"J'ai lu le dernier pamphlet de Richard Millet, Langue fantôme suivi d'Eloge littéraire d'Anders Breivik, dans un mélange croissant de colère, de dégoût et d'effroi", écrit Annie Ernaux dans Le Monde daté du du mardi 11 septembre.
Après avoir balayé "la prétendue ironie" de cet Eloge, la romancière juge qu'" il faut appeler un chat un chat et l'Eloge littéraire d'Anders Breivik un pamphlet fasciste qui déshonore la littérature".
Un "acte politique à visée destructrice"
"Ce texte répugnant," écrit-elle, "est un acte politique à visée destructrice des valeurs qui fondent la démocratie française."
" C'est pourquoi, au lieu des questions effarouchées que lui posent les médias, il faut oser demander à Richard Millet : "Que voulez-vous ? La fermeture des frontières ? Le renvoi de tous ceux qui ne sont pas 'français de sang' ? Quel régime à la place de cette démocratie que vous haïssez ?"
"Pas davantage aujourd'hui qu'hier", poursuit l'auteure de La Place, " je ne me sens menacée dans ma vie quotidienne, en grande banlieue parisienne, par l'existence des autres qui n'ont pas ma couleur de peau...Et, par-dessus tout, jamais je n'accepterai qu'on lie mon travail d'écrivain à une identité raciale et nationale me définissant contre d'autres".
Un appel signé par des dizaines d'écrivains célèbres
Editeur chez Gallimard, Richard Millet a publié son brûlot fin août.
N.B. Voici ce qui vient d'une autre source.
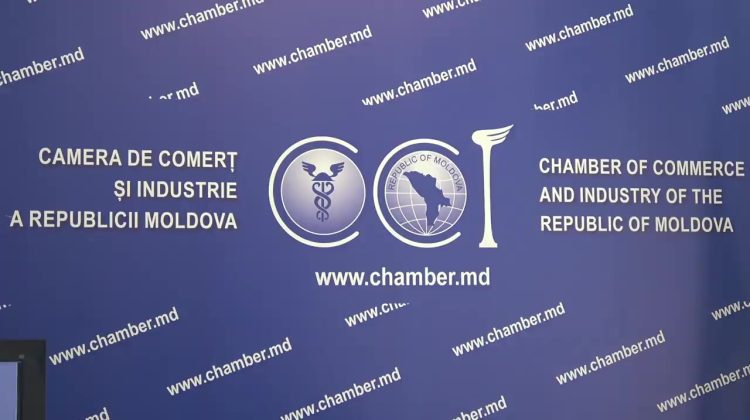 Ultima zi de depunere a dosarului de angajare la CCI a RM. Se caută șef Secție Învățământ Dual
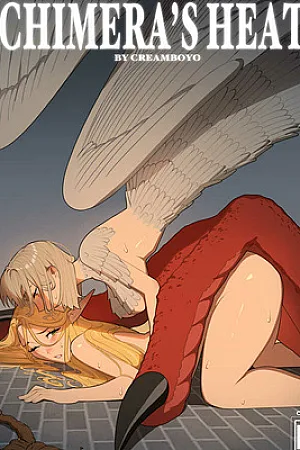 Chimera's Heat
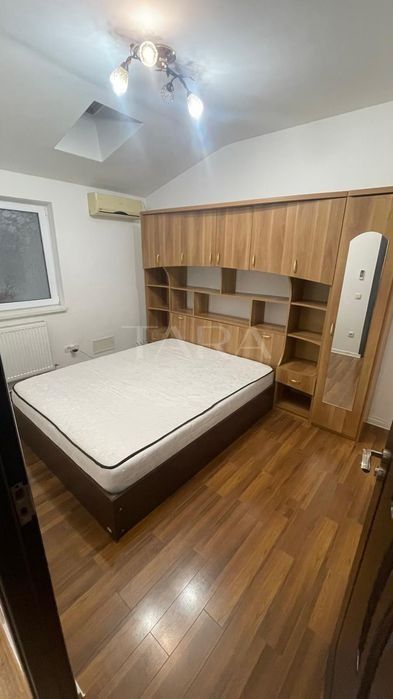 Apartament cu 3 camere de vânzare, zona centrala, Apahida - Poză 4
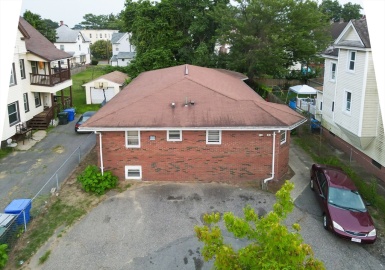 15-27 Bernard St, Springfield, Massachusetts 01109, 16 Bedrooms Bedrooms, 5 Rooms Rooms,7.5 BathroomsBathrooms,Residential,For Sale,Bernard St,73279074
Le tueur de l'île d'Utoya, écrit-il, est ce que "méritait la Norvège".
Parmi les auteurs Gallimard, Tahar Ben Jelloun et Annie Ernaux avaient été les plus prompts à dénoncer cet ouvrage qui a fait scandale.
Dans Le Monde, des dizaines d'écrivains qui partagent "pleinement" l'avis d'Annie Ernaux ont signé son appel. Parmi les plus célèbres, Olivier Adam, Amélie Nothomb, Nancy Huston, Jean-Marie Le Clézio, Delphine de Vigan. On trouve aussi parmi les signataires certains des romanciers les plus prometteurs d'une nouvelle génération, comme Jean-Baptiste Del Amo ou Jakuta Alikavazovic.